Sailor Twain. Mark Siegel. FirstSecond. 2012

As you can expect, reading is a big part of my summer break. I mean, it’s a big part of my day at any point in the year, but in the summer I can read a lot more of what I consider to be fun. (I still enjoy reading in the school year, when I’m absorbing the same works you students do, as well as my grad school and professional readings – but here I get a little more choice!) What I don’t do often is reread a book shortly after I’ve finished it. Who has the time? One of the best exceptions to this rule, and one of the best reads I had this summer, was in Mark Siegel’s graphic novel Sailor Twain (from First Second, 2012).

Sailor Twain is centered on Elijah Twain, the writer-captain of a Hudson River steamship in the 1880s. (Twain, by the by, is of no relation to the author, who our captain must frustratingly point out is actually a Mr. Clemens.) Joining the bedeviled sailor is the ship’s gruff and motley crew, including the womanizing owner of the ship, Lafayette, as well as a foul-mouthed helmsman, two stowaways, a mysterious engineer, and a various assortment of New York passengers (keep an eye out for cameos from the likes of Walt Whitman, Edgar Allan Poe, and even Stephen King!).
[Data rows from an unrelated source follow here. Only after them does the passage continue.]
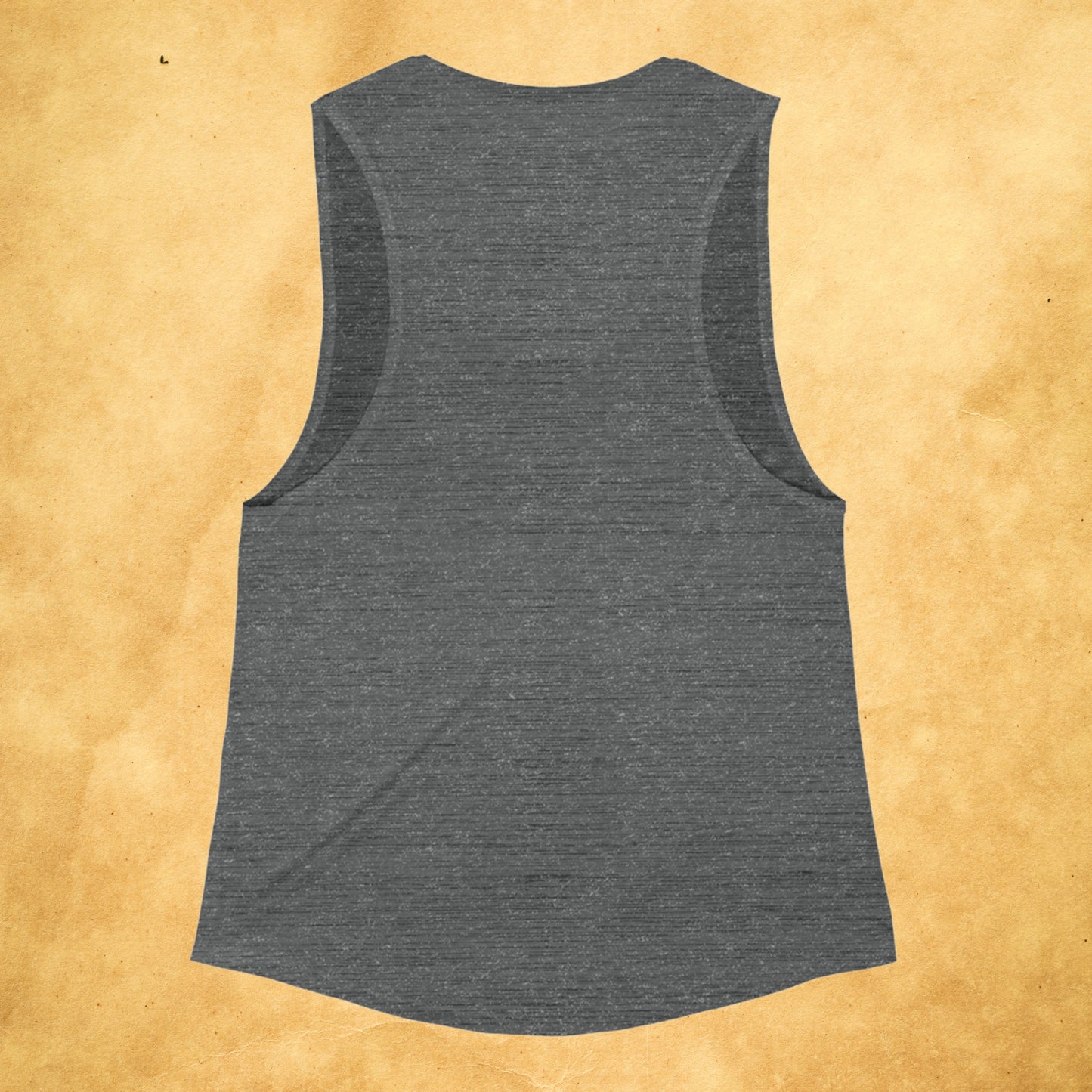 Fall Nature-Inspired Watercolor Pumpkin and Flower Women's Flowy Muscle Tank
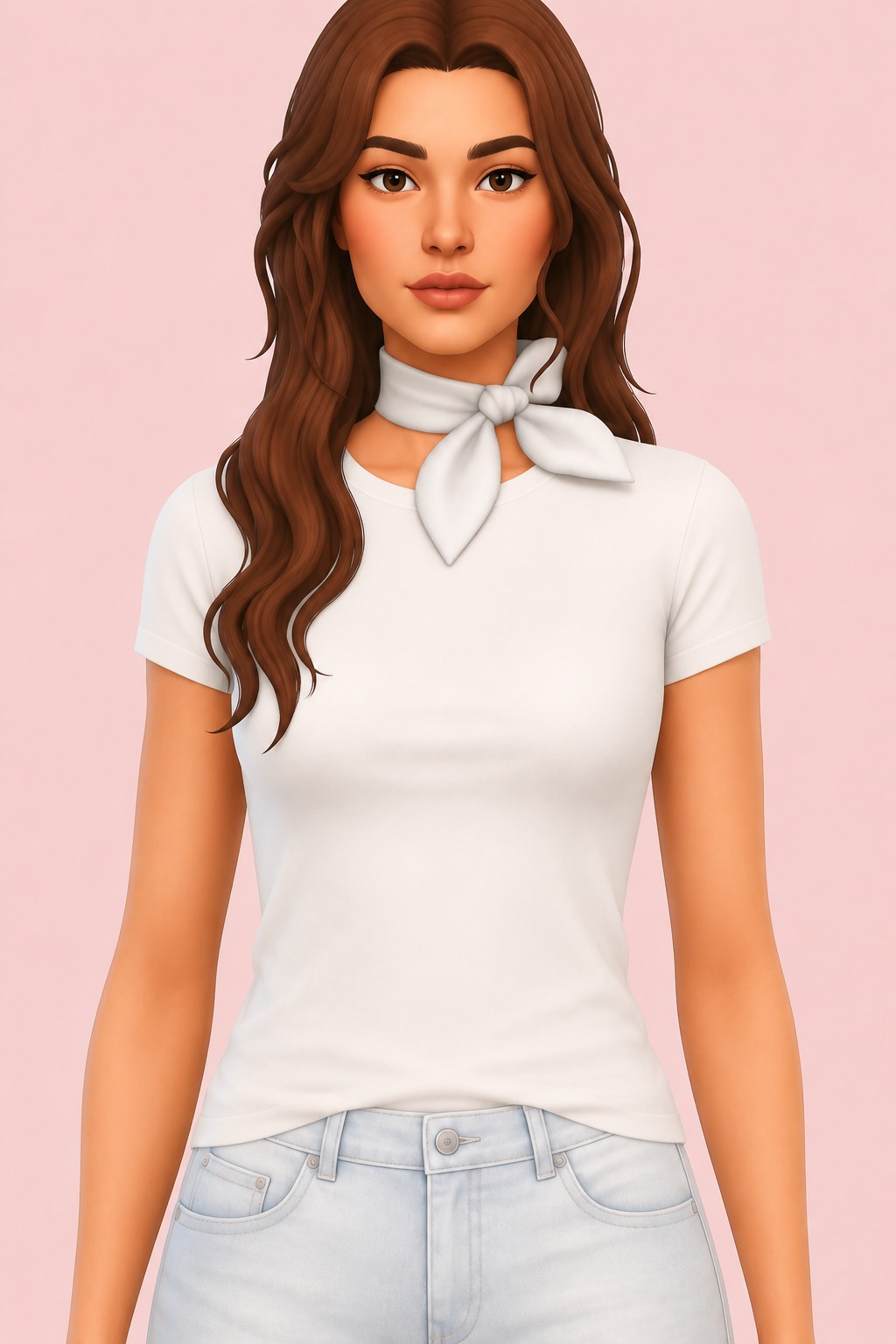 Ari Scarf custom content (CC) for Sims 4 by serenitycc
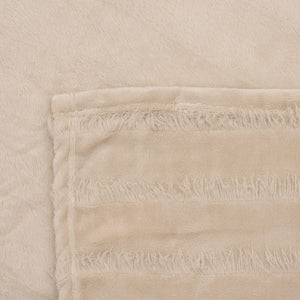 Manta de Polar Soft Beige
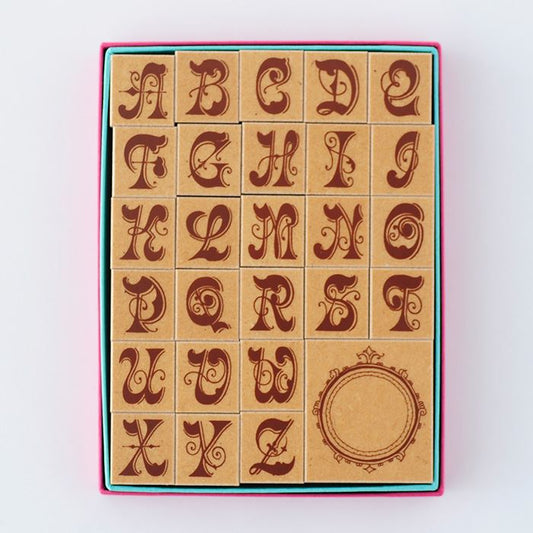 K3-03 デコ・アルファベットスタンプセット
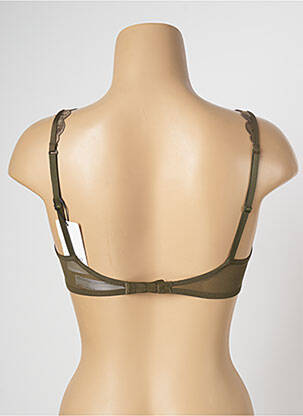 Sutien efect material satinat sutien balconet cu decolteu înalt verde MARIE JO femeie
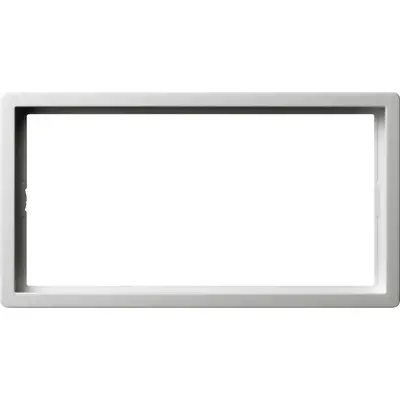 Gira afdekraam 2-voudig zonder middenstijl F100 wit glans (1002112)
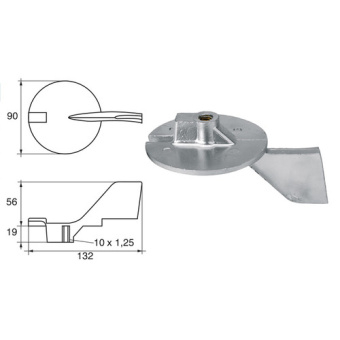 Bukh PRO L8146306 - AnodeS FOR YAMAHA EngineS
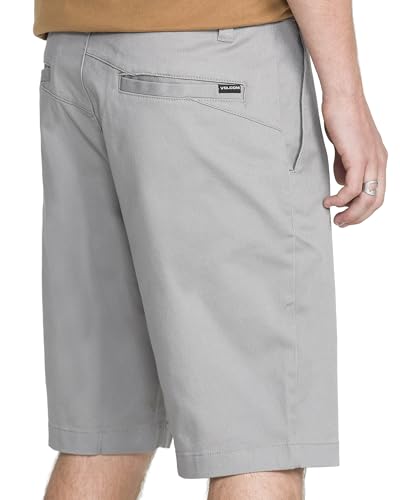 Image of Volcom Men's Vmonty Stretch 22 Chino Shorts - Casual Everyday Wear, Relaxed Fit
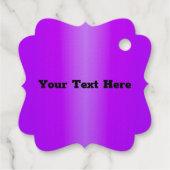 Étiquette-cadeau Dessin d'or de Dainty Joli papillon Monarque (Dos)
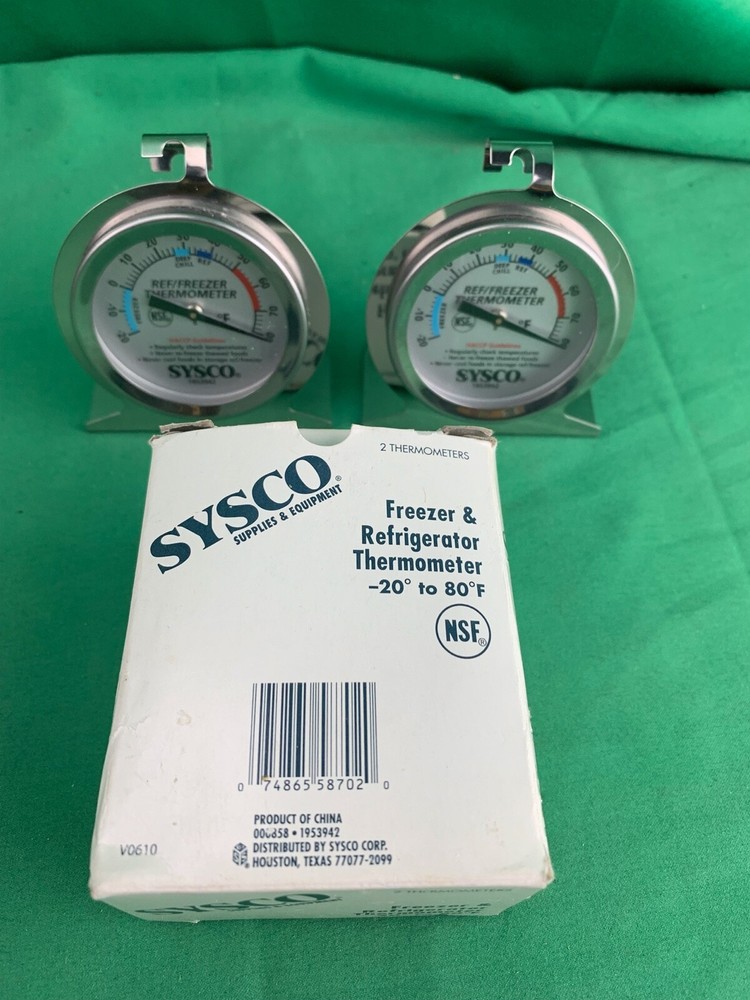 Sysco Refrigerator Thermometer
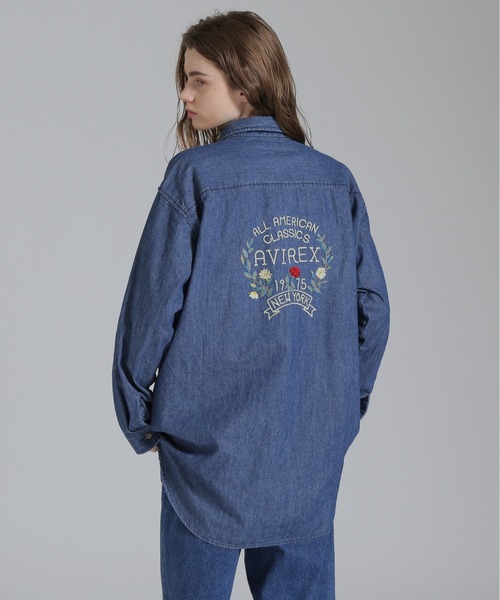 ブラウス シャツ HAND LIKE EMBROIDERY SHIRTS/ハンドライク刺繍シャツ レディース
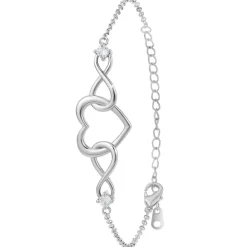 So Charm Bijoux Bracelets<Bracelet Femme So Charm - B4191-ARGENT - Bracelet Coeur Argenté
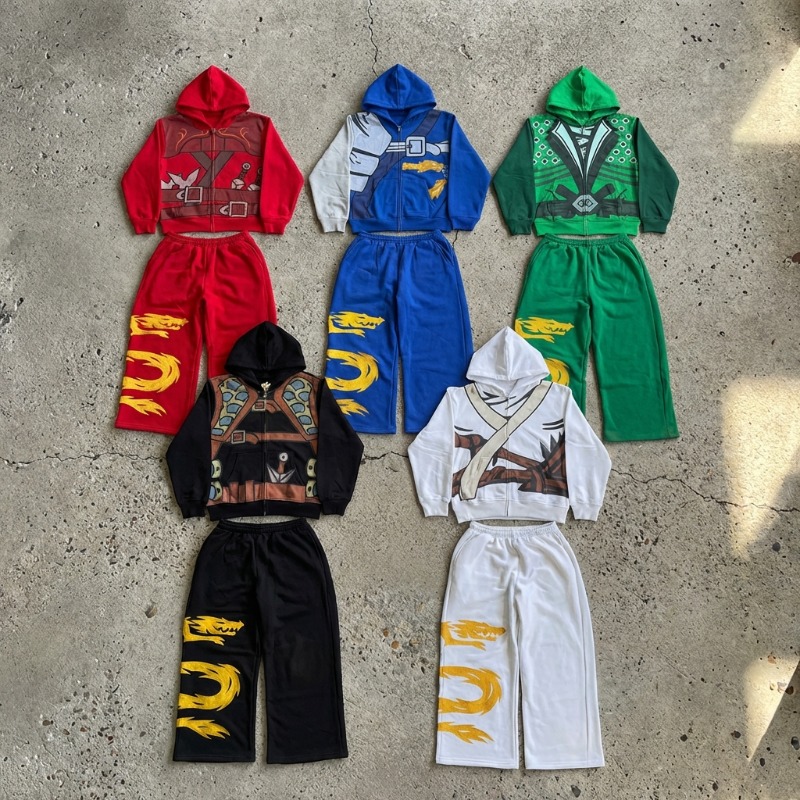 Y2K 2 piece set Anime Characte - Anime Merch Hoodie recensie en prijs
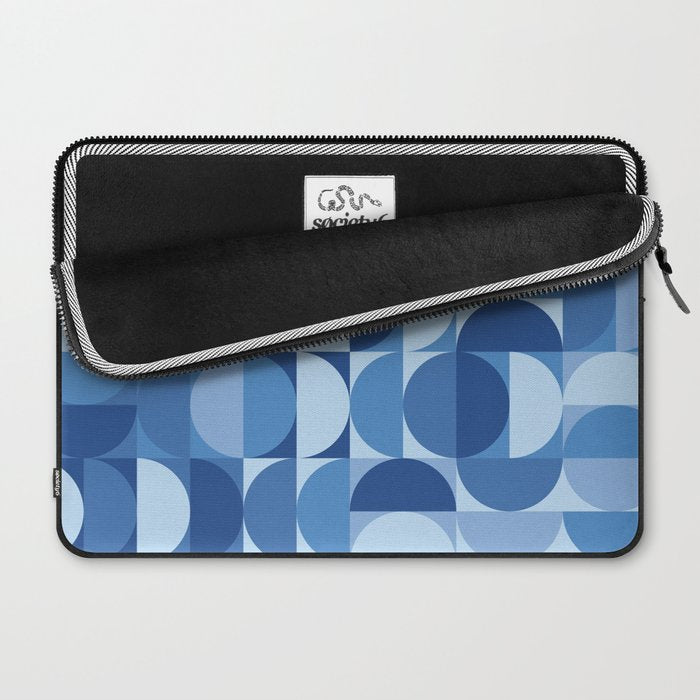 all cut up - blue pop palette Laptop Sleeve Gallery Image 2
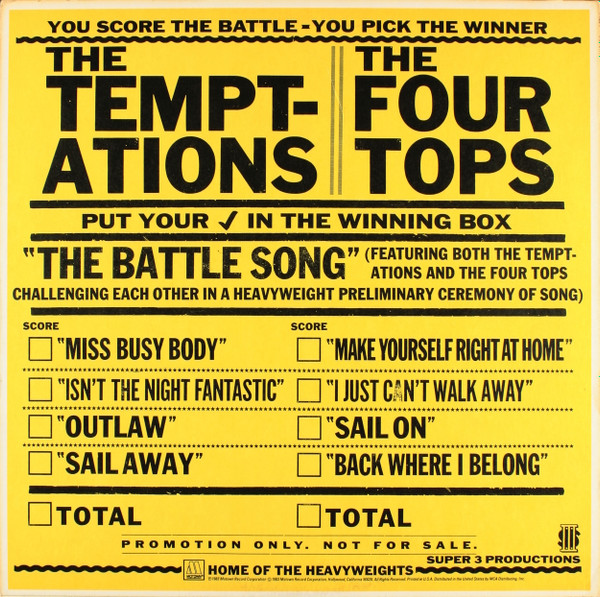 ladda ner album The Temptations, The Four Tops - The Battle Of The Champions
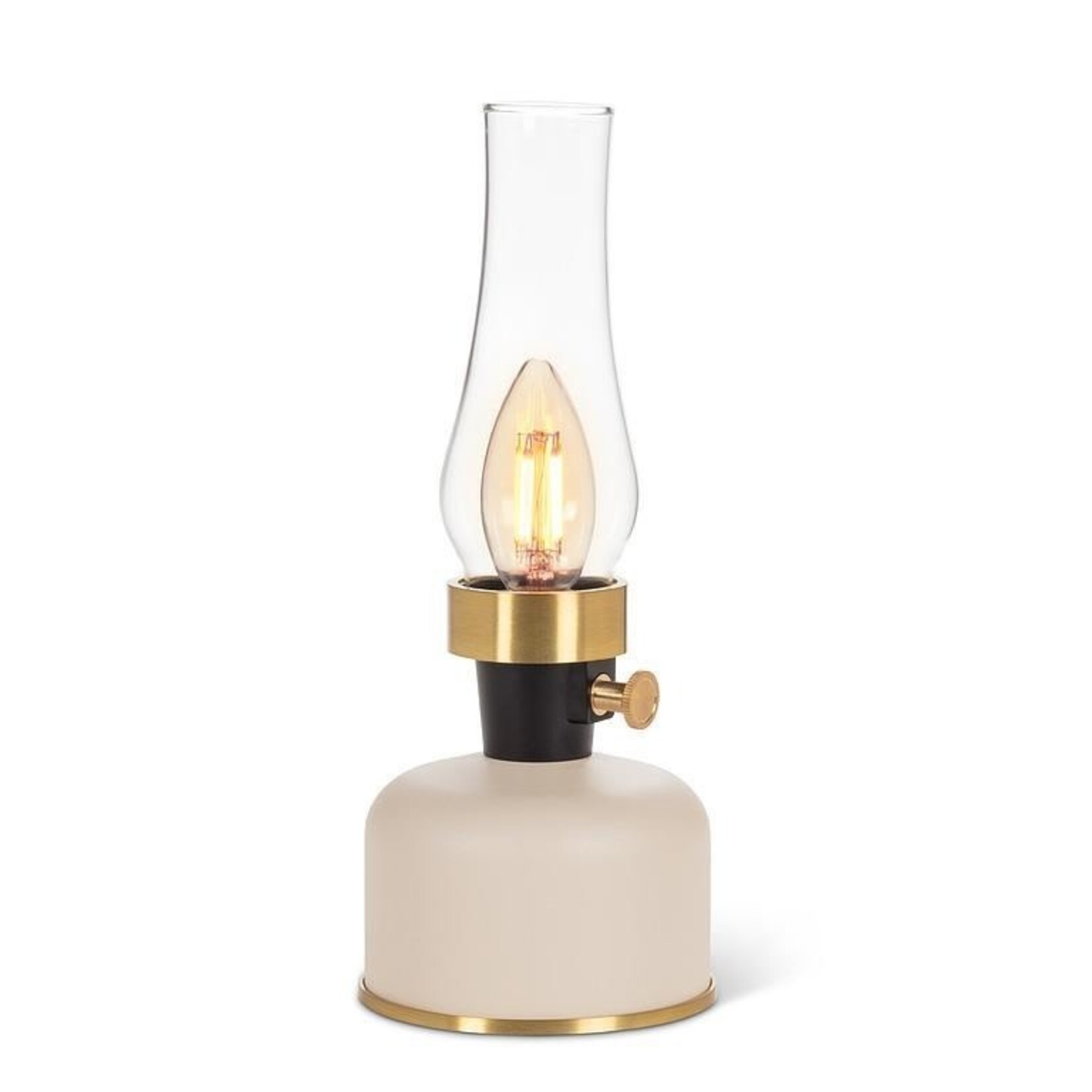 LED Lantern Lamp with Chimney (Black)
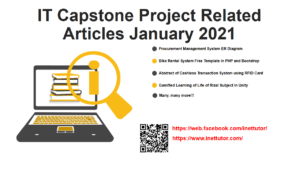 list of capstone project titles for information technology 2021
And, of course, there is the mermaid of the full title, who Twain must decide is either savior or siren.

Available at the Laramie County Library, this text holds many epic qualities: an expansive and realized cast of characters, elements of fantasy interwoven in spirituality, and a portrait of near-mythic America on the Hudson River. As a work of historical fiction, the world of the narrative is well centered in established movements and attitudes of America’s Gilded Age. What’s more, the artwork – almost entirely in charcoal – is evocative and symbolic. The rainy atmosphere and river setting were easily imagined despite our dusty August heat. Most importantly, Siegel’s use of motif, ambiguity, and doubling are absorbing. You are almost obligated to reread the novel to add your newfound evidence to the intricate clues.

This novel is definitely for mature readers (sexuality, complexity, language), but is my August pick for seniors to read, for two key reasons. First, it makes a great review of the themes of American Literature for those of you who survived last year. Second, Sailor Twain leads nicely into both senior classes’ content, addressing similar themes and also introducing you to the graphic novel format, which you can expect to see in the upcoming school year. In conclusion, it is important to read books and genres outside of your usual experiences. Anyone who still thinks, in 2015, that comics or graphic novels aren’t necessarily “real” literature needs to see what they are missing out on in Mark Siegel’s new American classic, Sailor Twain.